DBRS Ratings GmbH (DBRS) confirmed its BBB (high) (sf) ratings on the following nine Series of Notes (the Compartments) issued by Palladium Securities 1 S.A. (the Issuer):
-- Series 114 Notes (Acting in Relation to Compartment 114-2013-14)
-- Series 117 Notes (Acting in Relation to Compartment 117-2013-17)
-- Series 121 CMS Structured Floating Rate Instruments (Acting in Relation to Compartment 121-2013-21)
-- Series 124 Fixed to Floating Rate Instrument (Acting in Relation to Compartment 124-2013-24)
-- Series 131 Fixed to Floating Rate Instrument (Acting in Relation to Compartment 131-2014-06)
-- Series 141 Fixed to Floating Rate Instrument (Acting in Relation to Compartment 141-2014-16)
-- Series 142 Fixed Rate Instrument (Acting in Relation to Compartment 142-2014-17)
-- Series 145 Fixed to Floating Rate Instrument (Acting in Relation to Compartment 145-2014-20)
-- Series 148 Fixed Rate Instrument (Acting in Relation to Compartment 148-2014-23)
The confirmations follow an annual review of the Compartments.
The Issuer is a public limited liability companies (société anonyme) incorporated under the laws of the Grand Duchy of Luxembourg. Each transaction is a credit-linked note of one sovereign inflation-linked bond issued by the Republic of Italy (the Collateral). The noteholders and other transactions counterparties have recourse only to the assets of the related Compartment in accordance with Luxembourg law.
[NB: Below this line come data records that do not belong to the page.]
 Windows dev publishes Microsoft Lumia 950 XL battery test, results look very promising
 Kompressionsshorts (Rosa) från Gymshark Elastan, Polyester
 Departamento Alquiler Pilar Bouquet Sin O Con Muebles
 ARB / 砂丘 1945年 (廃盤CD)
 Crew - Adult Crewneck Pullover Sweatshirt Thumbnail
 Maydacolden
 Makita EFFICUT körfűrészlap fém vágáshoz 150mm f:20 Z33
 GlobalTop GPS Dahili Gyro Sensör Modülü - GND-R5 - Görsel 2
The transaction uses an asset swap (the Asset Swap) to transform the payout profile of the collateral security. The noteholders are effectively exposed to the risk that either the Collateral or the Hedging Counterparty defaults. The transaction documents do not contain any downgrade provisions with respect to the Hedging Counterparty. As such, DBRS regards the ratings of the Notes to be linked to those of the Collateral and Hedging Counterparty.
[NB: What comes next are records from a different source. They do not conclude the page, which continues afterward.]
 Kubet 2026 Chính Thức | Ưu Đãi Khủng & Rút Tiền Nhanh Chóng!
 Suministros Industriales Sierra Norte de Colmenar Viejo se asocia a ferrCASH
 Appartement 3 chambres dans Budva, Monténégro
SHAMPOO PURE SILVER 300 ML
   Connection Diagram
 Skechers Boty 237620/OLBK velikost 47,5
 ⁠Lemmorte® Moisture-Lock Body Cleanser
The significant counterparties to the Issuer are various subsidiaries and affiliates of Deutsche Bank AG as listed below. DBRS maintains private ratings on these counterparties, which are not published.
-- Deutsche Bank AG, London Branch acts as the Hedging Counterparty, Initial Purchaser of the Notes, Calculation Agent, Paying Agent, Selling Agent and Arranger, and pays the fees and expenses of the Issuer.
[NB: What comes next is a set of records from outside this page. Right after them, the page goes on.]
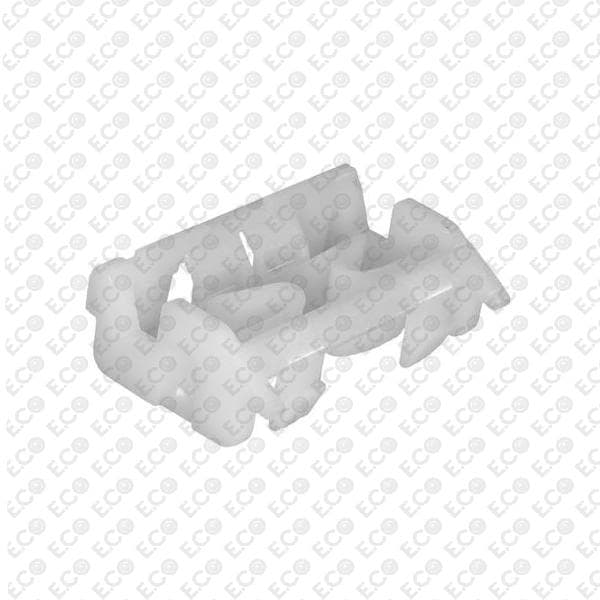 Fissaggio canalina tetto Fiat Stilo 2001/2007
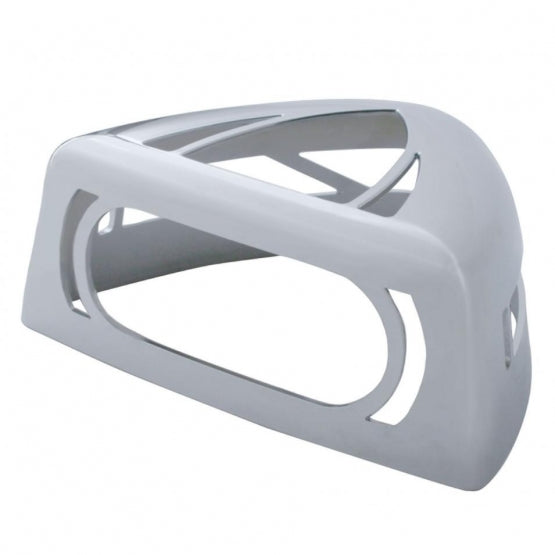 Turn Signal Cover For 1987-2007 Peterbilt 379/378/357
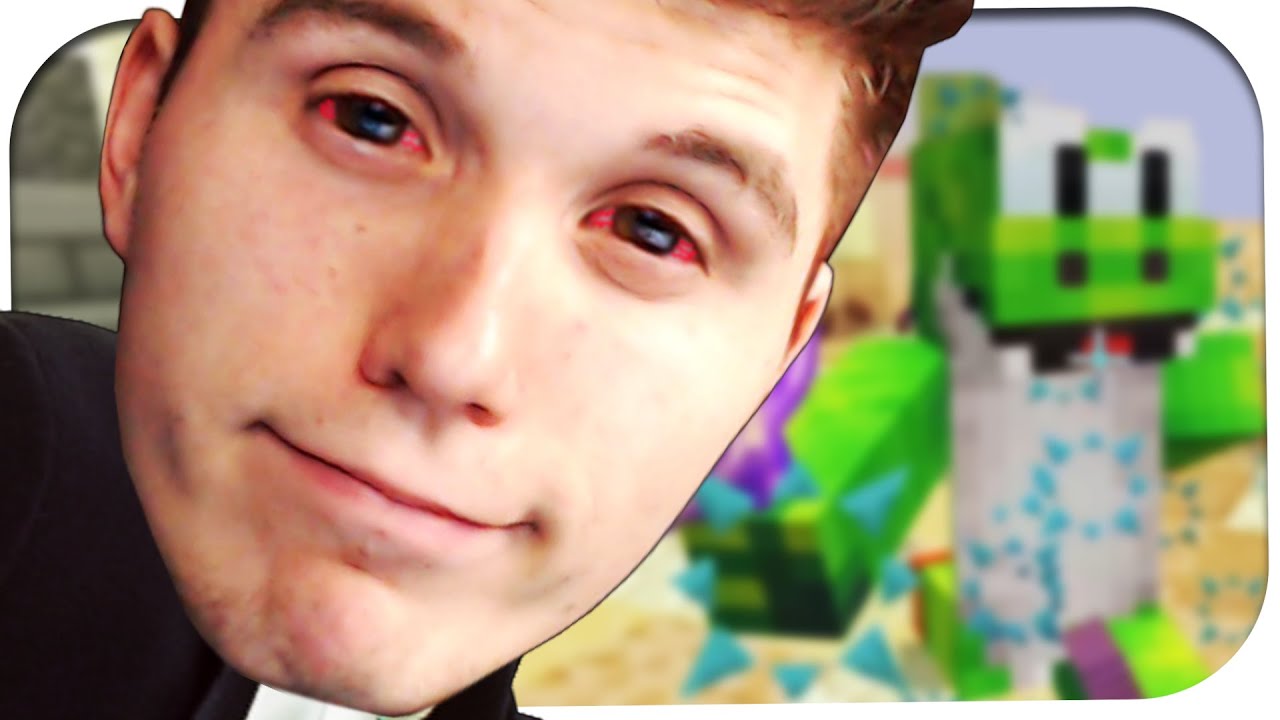 DIESE TYPEN RAUCHEN WEED! ☆ Minecraft: Bedwars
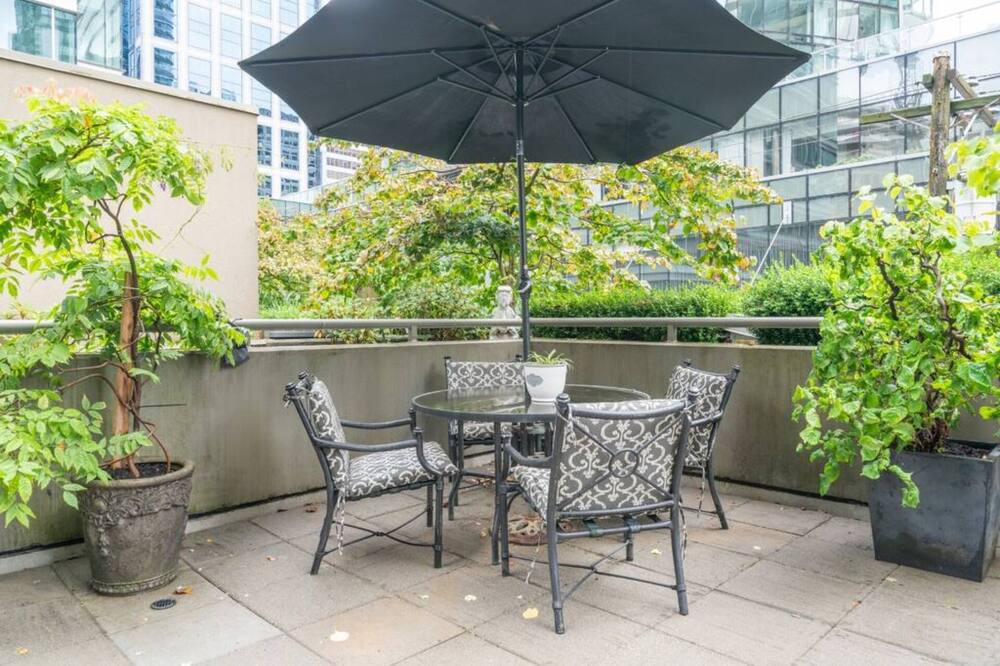 Photo of Outdoor in Coal Harbour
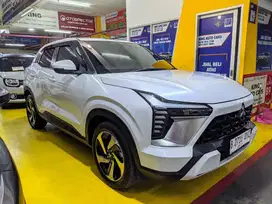 Mitsubishi Xforce Ultimate AT Automatic Th 2023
-- Deutsche Bank Luxembourg S.A., a wholly owned subsidiary of Deutsche Bank AG, acts as Custodian, Luxembourg Paying Agent and Servicer.
-- Deutsche Trustee Company Limited acts as Trustee.
DBRS maintains public ratings on the foreign and local currency, long- and short-term debt of the Republic of Italy and has used them to evaluate the credit risk of the Collateral and will monitor its credit risk on an ongoing basis. As of the rating date of this transaction, both local and foreign currency long-term ratings were BBB (high) with Stable trends, and both short-term ratings were R-1 (low) with Stable trends.
In addition to the credit profiles of the Collateral and the Hedging Counterparty, the ratings of the Notes are based on DBRS’s review of the following items:
-- The transaction structure.
-- The transaction documents including, but not limited to, the Base Prospectus, the General Trust Terms Module, the Security Module, the ISDA Master Agreement Module, the Custodian Agreement, the Sale and Disbursement Agreement, the Articles of Incorporation, the Final Terms, the Series Instrument and the Asset Swap Agreement letter.
-- The legal opinions addressing, but not limited to, true sale of the Collateral, bankruptcy remoteness of the Issuer, the asset segregation of the Compartment, enforceability of the contracts and agreements, and no tax to be withheld at the Issuer level.
DBRS did not address the following:
-- The pricing of the Asset Swap; that is, whether there will be sufficient cash flows from the Collateral to fully compensate the Hedging Counterparty for its obligations. As the Hedging Counterparty is contractually obliged to make the payments as specified under the Asset Swap Agreement, the risk that it defaults is addressed by the DBRS private rating.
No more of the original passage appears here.